The Finnish Foreign Ministry provides money to three Finnish groups that “do not implement their own development cooperation projects, but distribute funds … to organisations in developing countries” One of these groups is KIOS: The Finnish NGO Foundation for Human Rights, which, as shown below, transfers funds to a number of radical NGOs.

Since 1998, KIOS has received EUR 7,660,627 in government funds. According to the Finnish Foreign Ministry, “KIOS is able to work on politically-sensitive human rights issues.” In the past decade, KIOS has channeled tens of thousands of euros of Finnish government funds to several highly politicized Israeli and Palestinian NGOs, including:

Public Committee Against Torture in Israel (PCATI)

In 2009, KIOS granted EUR 80,900 to PCATI for “[l]egal aid, legal research and advocacy against torture.” In previous grants, KIOS has supported PCATI programs to “respond swiftly and effectively to cases of torture and ill treatment of prisoners and detainees” (2007), and train “field lawyers and researchers…to meet the high demand for legal services and ensure the capacity to monitor, verify, expose and improve detainee conditions by retaining additional legal workers” (2004).

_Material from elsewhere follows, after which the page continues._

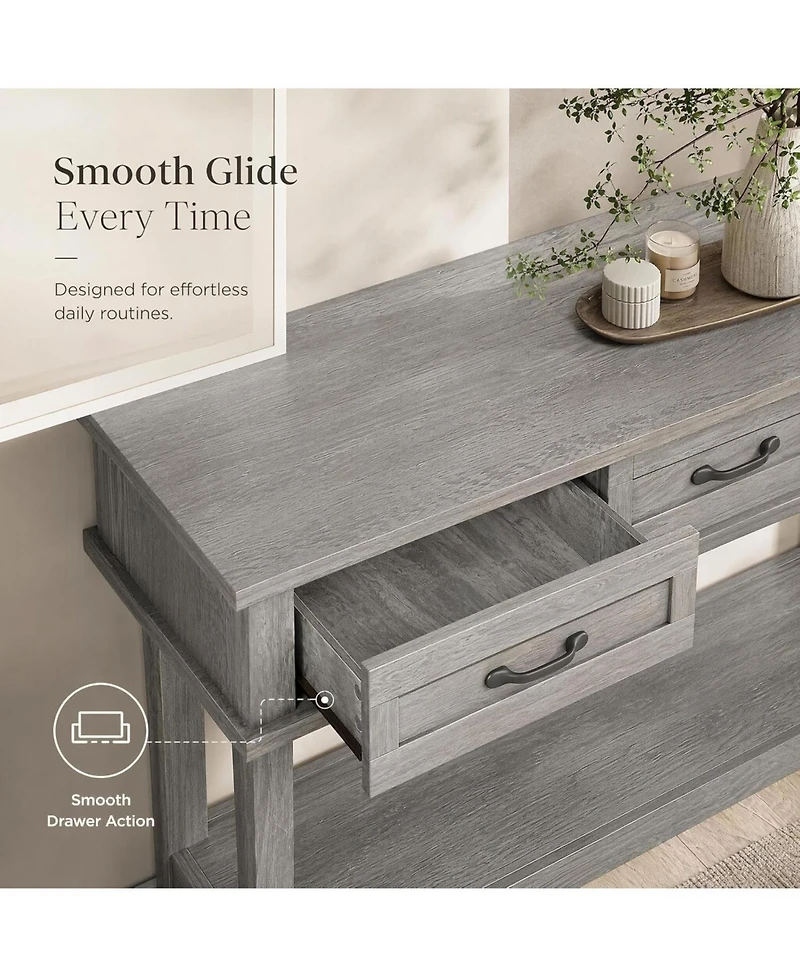 homfan 54" Farmhouse Console Table with 3 Drawers and Open Shelf, Wood Finish Entryway Table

PCATI claims to fight against torture and for prisoner rights. While extensively criticizing alleged Israeli abuses, the group has done virtually no campaigning to uphold the rights of Gilad Shalit ? held incommunicado by Hamas since June 25, 2006 in flagrant violation of the Geneva Conventions. PCATI often lobbies in international forums to promote its one-sided, politicized agenda. PCATI leaders testified in Geneva in front of the UN’s fact-finding mission on the Gaza war, where they referred to Israel’s “unacceptable collective punishment” and to Palestinian “martyrs.”

Jerusalem Center for Social and Economic Rights (JCSER)

KIOS has funded the JCSER since 2005. In 2009, JCSER received EUR 79,700 for a project “[d]efending Palestinian Economic and Social Rights in Jerusalem.” JCSER refers to the “systematic, programmed campaign of Israel’s Judaization of Jerusalem,” the “Apartheid Wall,” “ethnic cleansing,” and Israeli “[r]acial [i]ncitement.”

Kav LaOved

In 2009, Kav LaOved was awarded EUR 23,500 from KIOS for “protecting the human and labor rights of West Bank Palestinians employed by Israelis.” In contrast to other groups, such as PCATI, Kav LaOved generally criticizes Israel’s human rights record without participating in the rhetoric of demonization.


The stated Finnish focus in the “Palestinian Territories” is to support the peace process and set the groundwork for a future Palestinian state. Funding groups that utilize apartheid rhetoric, advance the Palestinian narrative regarding Jerusalem, and distort the context of the conflict does not advance such goals. Adherence to the intended aims will require a reevaluation of grantees and closer monitoring of partner spending.